Roehler’s fascination with the French novel is easily explained for anyone who knows his and Houellebecq’s work; in a way they could be half brothers just like the protagonists of The Elementary Particles. They are Michael (Christian Ulmen), a molecular scientist who is the owner of the aforesaid parakeet, and Bruno (Moritz Bleibtreu, who essentially plays a variation on his character from Roehler’s previous film Agnes and His Brothers). They grew up separately with their grandparents while their mother hung out a various hippy communes. They eventually meet in their teens and will keep in contact for the rest of their lives, perhaps attracted to one another because they appear to be polar opposites.

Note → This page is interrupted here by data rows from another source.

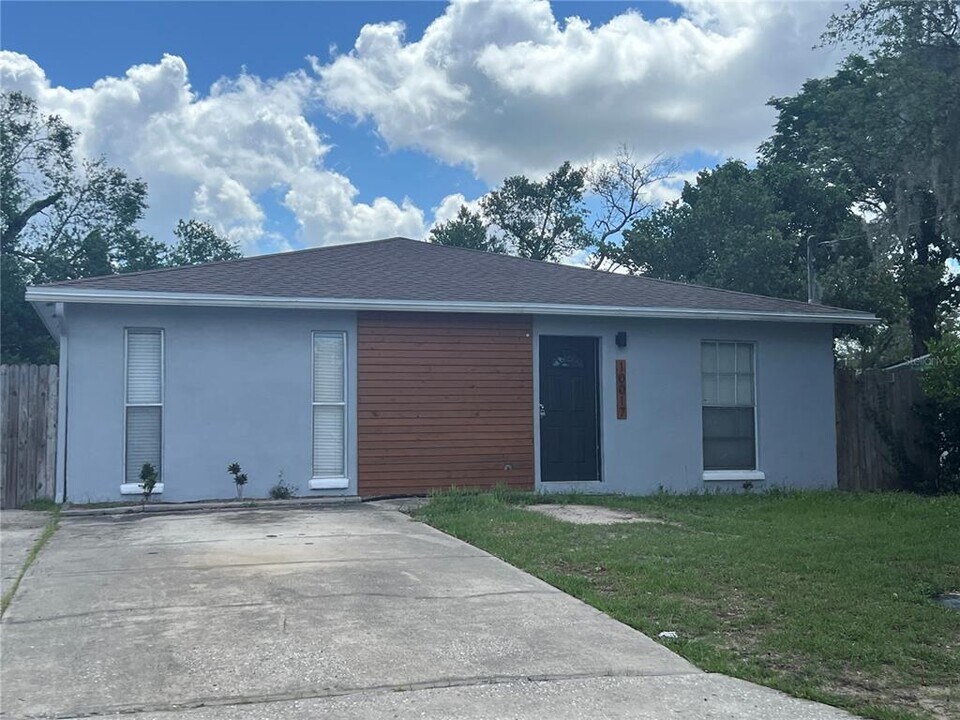 10017 N Hyaleah Rd in Tampa, FL - Building Photo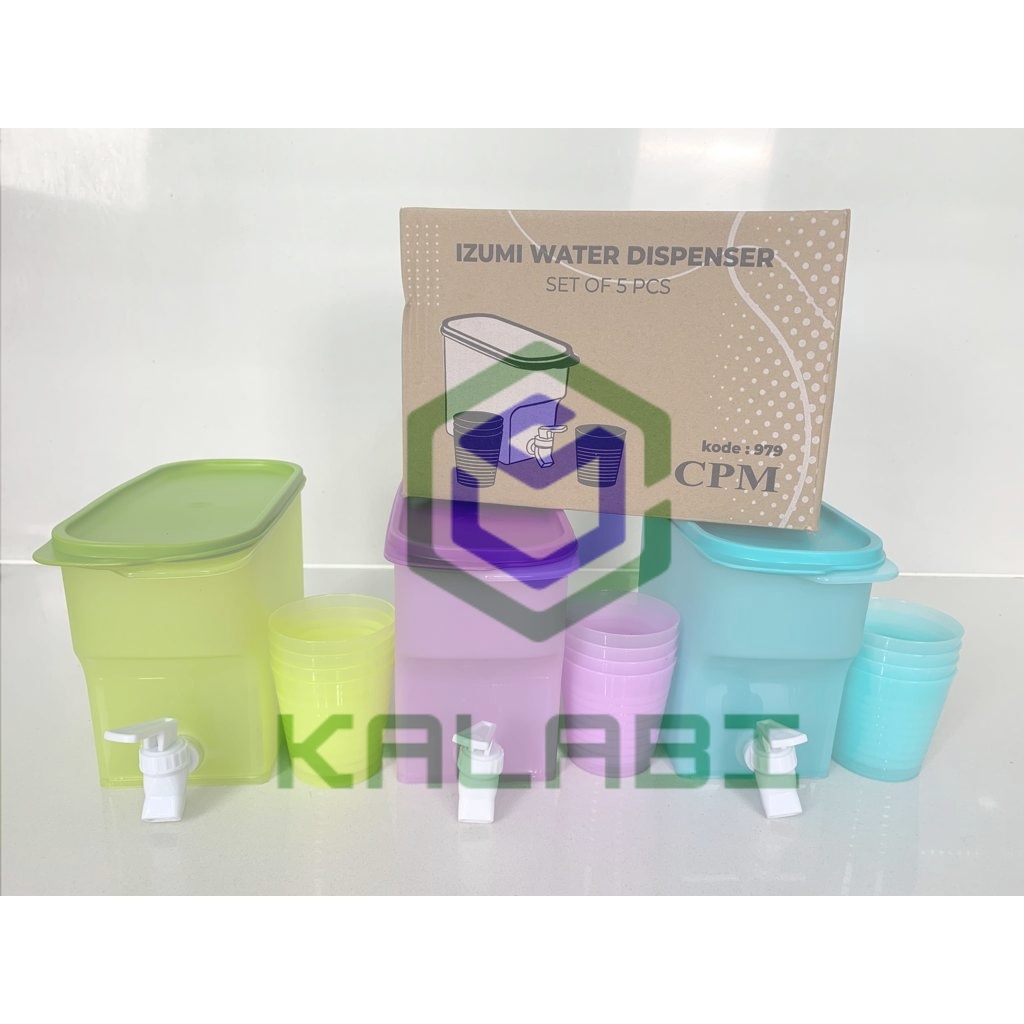 dispenser kulkas warna dan gelas izzumi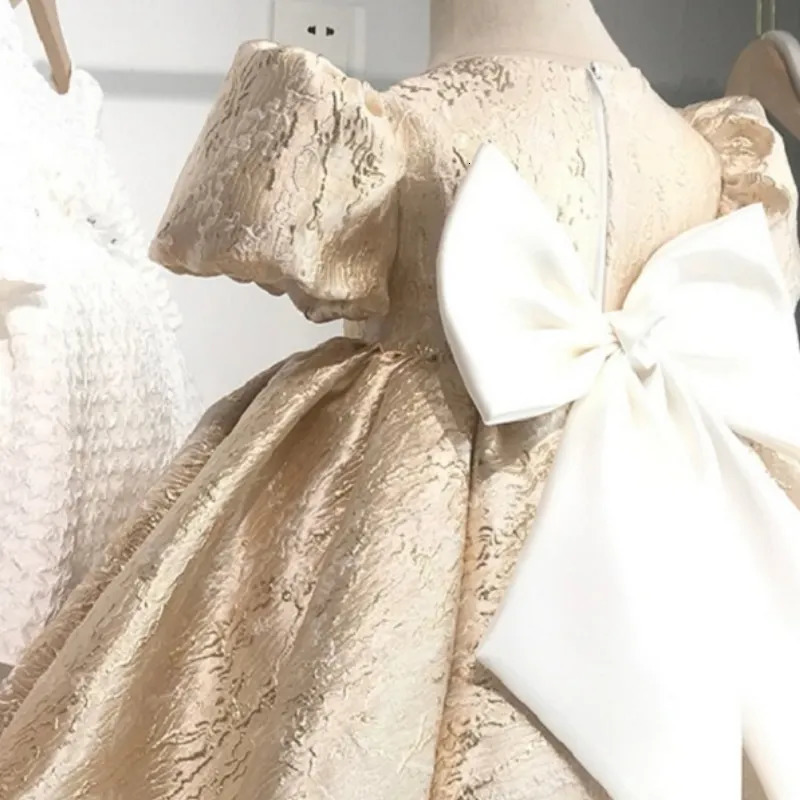 Baby Girl Princess Dress with Puff Sleeves Baby Toddler Youth Bow Visco Gold Party Birthday Ball Dress Christmas Baby Clothing 1-14Y 240704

Bruno becomes a secondary school literature teacher who thinks too much about sex and not enough about Baudelaire, while Michael is too absorbed in his work as a scientist to really have much time for love or sex. In any case, his research and experiments on a new type of artificial procreation might make sex completely obsolete in the near future. Roehler, heavily aided by Houellebecq’s strong thematic contrasts and composition, glides through the story effortlessly for the first two-thirds of the film, using his narrative of the two brothers’ day-to-day as a framework for an investigation into the meaning and uses of sex and how people’s obsession with it (or its absence) influences their lives to an unhealthy extent.

Despite its subject matter, however, the film can be considered prudish when it comes to showing sex, though it is perhaps not so surprising seen the all-star line up (including Lola rennt co-stars Moritz Bleibtreu and Franka Potente). The fact that the characters are mostly dressed or, when disrobed, move behind strategically placed bottles and table-tops infect the integrity of the film, though the actors’ work cannot be faulted, as Roehler has orchestrated a near-perfect casting coup. Everyone is pitch-perfect, from Bleibtreu and Ulmen as the two half brothers, right down to the women in their lives (including turns by Potente and Martina Gedeck as their lovers, Nina Hoss as their mother and Corinna Harfouch as Bruno’s therapist) and the younger versions of the brothers (Tom Schilling and Thomas Drechsel – already co-stars in Napola) who appear in flashbacks.

While the tone of the first two-thirds of The Elementary Particles is serious, even bleak (despite numerous moments of comic relief), the last third introduces us to the parents of Franka Potente’s Annabella, who are still living a happily ever-after story and feel peculiarly out of place in the film’s gloomy, doom-day approach to relationships. From that point on many disasters are still to happen but suddenly there is a more than vague flicker of hope for all of the characters, which feels strangely intrusive. The technical package of this two-thirds successful adaptation is of the highest possible level, apart for its generic score and 1970s pop tunes (such as McLean’s American Pie) that can be heard in countless other films.